How could a pious Muslim who wanted his wife to pray get the idea that beating her was the way to go? Maybe from the Qur’an:
“Men are the managers of the affairs of women for that God has preferred in bounty one of them over another, and for that they have expended of their property. Righteous women are therefore obedient, guarding the secret for God’s guarding. And those you fear may be rebellious admonish; banish them to their couches, and beat them.” (Qur’an 4:34)
Muhammad’s example is normative for Muslims, since he is an “excellent example of conduct” (Qur’an 33:21) — and according to a canonical hadith, Muhammad’s favorite wife, his child bride Aisha, reports that Muhammad struck her. Once he went out at night after he thought she was asleep, and she followed him surreptitiously.

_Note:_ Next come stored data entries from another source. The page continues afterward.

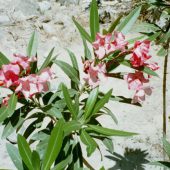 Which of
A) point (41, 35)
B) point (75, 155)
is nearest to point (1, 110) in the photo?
point (75, 155)

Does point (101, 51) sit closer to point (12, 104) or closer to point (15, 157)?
point (12, 104)

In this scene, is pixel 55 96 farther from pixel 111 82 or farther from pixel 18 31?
pixel 18 31

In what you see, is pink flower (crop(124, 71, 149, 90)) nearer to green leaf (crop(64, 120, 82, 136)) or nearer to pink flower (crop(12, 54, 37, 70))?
green leaf (crop(64, 120, 82, 136))

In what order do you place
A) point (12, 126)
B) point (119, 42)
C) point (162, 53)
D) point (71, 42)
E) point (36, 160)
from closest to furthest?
point (36, 160)
point (119, 42)
point (12, 126)
point (162, 53)
point (71, 42)

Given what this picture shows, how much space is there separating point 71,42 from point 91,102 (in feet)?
10.8

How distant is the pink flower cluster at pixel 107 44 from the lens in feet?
5.78

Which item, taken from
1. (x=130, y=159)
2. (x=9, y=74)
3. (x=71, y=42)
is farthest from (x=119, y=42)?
(x=71, y=42)

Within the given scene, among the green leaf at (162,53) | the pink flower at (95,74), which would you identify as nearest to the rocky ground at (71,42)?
the green leaf at (162,53)

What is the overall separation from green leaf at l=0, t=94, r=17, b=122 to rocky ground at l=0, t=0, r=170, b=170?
4.77ft

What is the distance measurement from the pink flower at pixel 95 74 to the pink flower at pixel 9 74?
302 millimetres

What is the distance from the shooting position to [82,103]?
7.20 ft

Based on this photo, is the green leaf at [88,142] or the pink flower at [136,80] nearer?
the green leaf at [88,142]

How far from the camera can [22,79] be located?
169cm

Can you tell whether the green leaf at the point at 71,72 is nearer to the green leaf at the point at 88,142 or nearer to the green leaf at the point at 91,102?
the green leaf at the point at 91,102
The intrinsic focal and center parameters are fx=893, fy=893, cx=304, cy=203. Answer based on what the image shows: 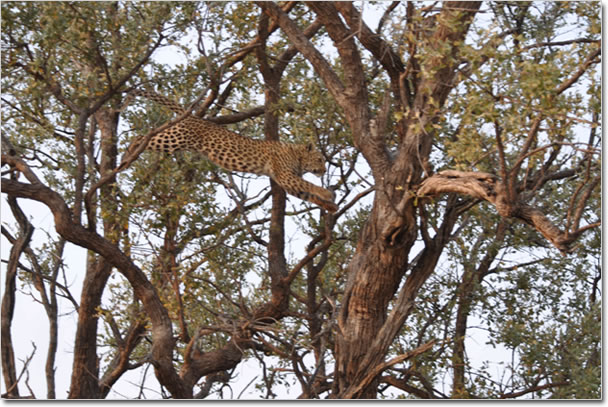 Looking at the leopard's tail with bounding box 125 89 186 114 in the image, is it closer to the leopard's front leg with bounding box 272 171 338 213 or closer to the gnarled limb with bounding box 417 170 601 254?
the leopard's front leg with bounding box 272 171 338 213

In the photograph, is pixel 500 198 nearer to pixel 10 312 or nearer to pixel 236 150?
pixel 236 150

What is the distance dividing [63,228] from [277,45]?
149 inches

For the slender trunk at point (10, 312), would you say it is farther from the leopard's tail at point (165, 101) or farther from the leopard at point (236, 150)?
the leopard's tail at point (165, 101)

Muhammad saw her, and, as Aisha recounts: “He struck me on the chest which caused me pain, and then said: Did you think that Allah and His Apostle would deal unjustly with you?” (Sahih Muslim 2127) Aisha herself said it: “I have not seen any woman suffering as much as the believing women.” (Sahih Bukhari 7.72.715)
The Qur’an commentary Ruhul Ma”ani reflects mainstream Muslim understandings of this verse when it gives four reasons that a man may beat his wife: “if she refuses to beautify herself for him,” if she refuses sex when he asks for it, if she refuses to pray or perform ritual ablutions, and “if she goes out of the house without a valid excuse.”

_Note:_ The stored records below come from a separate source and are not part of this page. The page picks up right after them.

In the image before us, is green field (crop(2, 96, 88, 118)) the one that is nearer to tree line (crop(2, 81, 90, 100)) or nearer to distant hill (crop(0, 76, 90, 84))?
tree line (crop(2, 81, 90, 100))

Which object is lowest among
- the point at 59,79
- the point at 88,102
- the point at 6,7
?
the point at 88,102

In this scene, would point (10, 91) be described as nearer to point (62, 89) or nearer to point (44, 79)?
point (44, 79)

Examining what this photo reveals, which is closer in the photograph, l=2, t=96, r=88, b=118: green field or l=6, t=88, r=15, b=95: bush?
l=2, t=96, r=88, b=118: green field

“Bad luck: Wife beaten up for “˜missing prayers,– by Owais Jafri for the Express Tribune, October 12 (thanks to The Religion of Peace):
A man beat up his wife in Khanewal ostensibly for not offering prayers.
Police said the man fled after she fainted. She was taken to the Kabeerwala tehsil headquarters hospital, where doctors said she would likely survive.
Police quoted Shamim Bibi, 32, of Fazil Shah area as saying that on Friday morning, she was preparing breakfast for her children, who were ready for school, when her husband, Mushtaq Ahmed asked her if she had offered morning prayers.
She said when she replied in the negative, he started shouted at her and accused her of bringing him bad luck and started beating her with a stick. She said he also kicked her in the abdomen and the chest until she fainted.
Police said Ahmed had fled the house apparently thinking she had died.
Some neighbours who had heard her shout for help rushed to her house and took her to the hospital, where doctors treating her later said that she was “out of danger”.
Dr Saima Iftikhar told The Express Tribune that Shamin Bibi had suffered five fractures. She had also more than 50 bruises all over the body, she said. She said her internal organs would be examined for possible rupture over the next 24 hours.
Some neighbours who had accompanied her to the hospital said Ahmed had beaten her as brutally a few weeks ago. They said her parents had then taken her to their house. He had brought her back nine days ago after a reconciliation was effected.
An FIR was registered with Sarai Sidhu police on the complaint of Shamim’s father. Station House Officer Khizar Zaman said that police were looking for Ahmed.
The woman’s father told police that Ahmed himself did not offer prayers. He said his daughter did not want to live with Ahmed any longer. He said he had taken his grandchildren to his house.